L'évolution de la DCTP augure mal du devenir de la compensation de la part salaires de l'assiette de la taxe professionnelle, et conduit à s'interroger sur la pertinence du maintien d'une enveloppe normée.

B. PÉRÉQUATION ET DÉCENTRALISATION

1. Les orientations péréquatrices du gouvernement

a) La péréquation dans la loi de finances pour 1999

Les dispositions du projet de loi de finances pour 1999, dans sa rédaction d'origine ou à la suite des modifications apportées au cours de la première lecture du texte à l'Assemblée nationale, ont en commun leur dimension péréquatrice. Trois exemples sont particulièrement évocateurs :

- la réforme de la taxe professionnelle : le gouvernement a prévu de compenser aux collectivités locales la perte de recettes liée à la suppression de la part "salaires" de l'assiette de la taxe en leur versant, dans un premier temps une dotation dont le montant est établi, pour chaque collectivité, en fonction des bases existantes en 1999 et des taux votés en 1998, indexée sur l' "indice de la DGF". A compter de 2004, le prélèvement sur recettes de l'Etat à partir duquel est organisée la compensation sera intégré à la DGF.
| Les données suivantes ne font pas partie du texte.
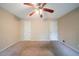 This bedroom features neutral walls and carpet, two doors, and a ceiling fan with a light fixture at 5310 Arrowind Nw Rd, Lilburn, GA 30047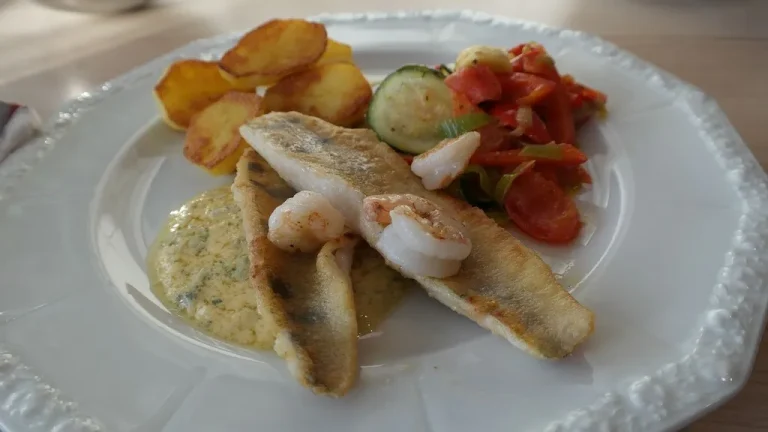 Baked fish fillets perfectly seasoned with herbs, lemon, and a golden crust, ready to enjoy.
Le gouvernement n'a dit comment il comptait répartir ces crédits une fois qu'ils feront partie de la DGF. Néanmoins, il est probable qu'ils s'intégreront dans la logique des critères d'attribution de la DGF, qui sont très péréquateurs. Si tel était le cas, non seulement la compensation de la suppression de la part salaire de la taxe professionnelle serait déconnectée de l'évolution réelle des bases, mais les collectivités ne seraient plus compensées en fonction de leurs bases et de leurs taux passés. En somme, le montant de la compensation serait modulé en fonction de la richesse des collectivités 7( * ) .
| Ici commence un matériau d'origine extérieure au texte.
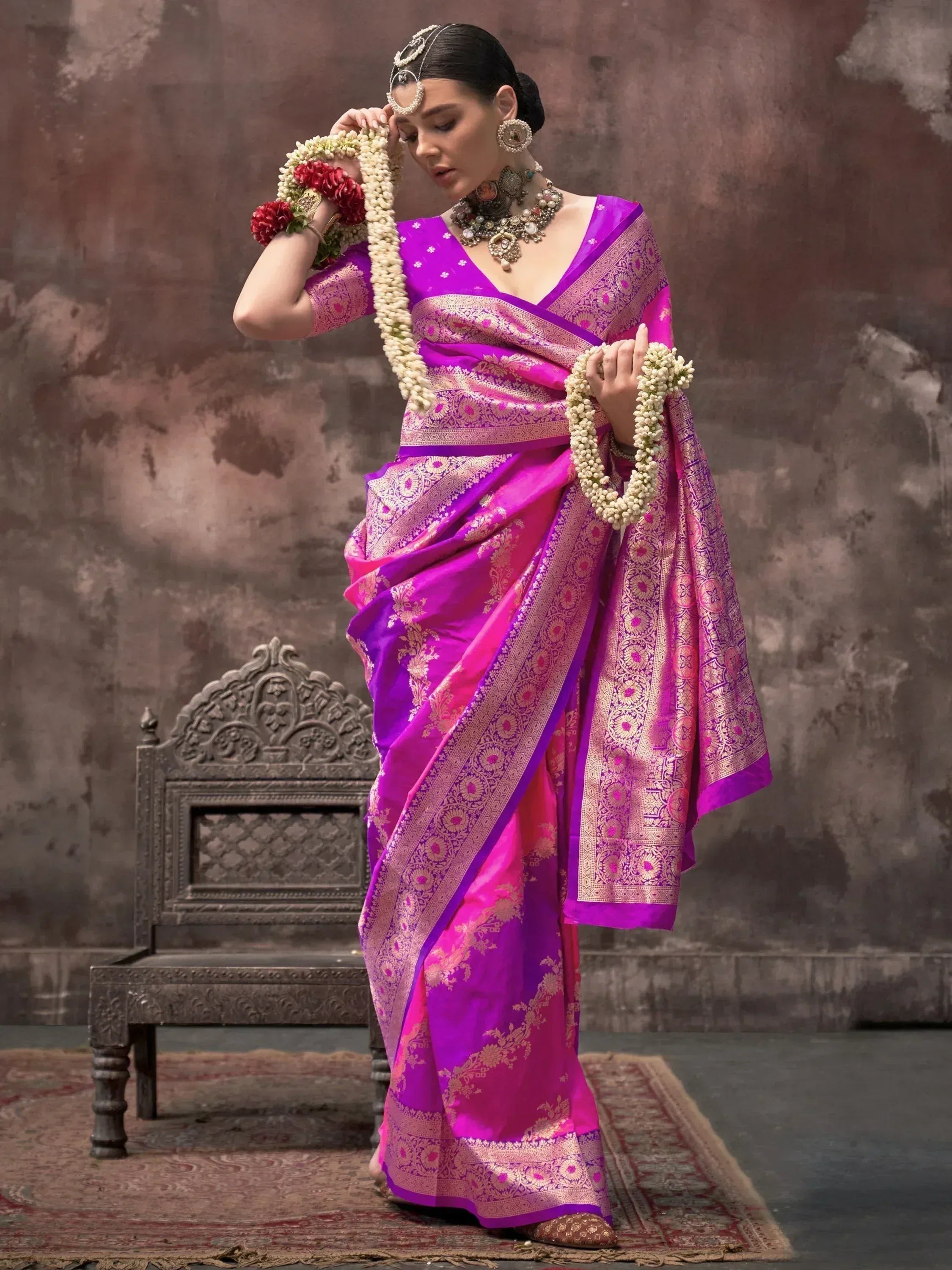 Vibrant purple and pink designer saree with gold embroidery, paired with traditional jewelry and floral garlands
- la réforme des droits de mutation à titre onéreux : l'article 27 du présent projet de loi de finances réduit le taux des droits de mutation à titre onéreux perçus par les départements et supprime la taxe additionnelle régionale.

La compensation aux département est automatique et organisée par l'article L. 1614-5 du code général des collectivités territoriales relatif à la fiscalité transférée aux collectivités locales dans le cadre des lois de décentralisation.

Le compensation aux régions, en revanche, fait l'objet d'un dispositif ad hoc. Les pertes de recettes pour les régions seront compensées non par un dégrèvement, qui aurait permis une compensation au franc le franc, mais par un concours budgétaire inscrit au budget du ministère de l'intérieur. Alors que le projet de loi finances prévoyait un système de compensation commun à toutes les régions, l'Assemblée nationale a introduit un dispositif de modulation du montant des versements en fonction de la richesse des régions . Ainsi, celles dont les droits de mutation par habitant sont supérieurs à 59 francs verront leur compensation limitée à 95 %.

Le gain pour l'Etat de cette opération, 240 millions de francs, a permis de financer, sans dégrader le solde, le relèvement de 15 à 20 % du taux de croissance du produit intérieur brut pris en compte dans l'indice de progression de l'enveloppe normée. De cette façon, la réduction d'une enveloppe destinée à des collectivités "favorisées" a permis d'alimenter l'enveloppe normée, et plus précisément la dotation de compensation de la taxe professionnelle, qui bénéficie à l'ensemble des collectivités qui percevaient une taxe professionnelle en 1987 8( * ) .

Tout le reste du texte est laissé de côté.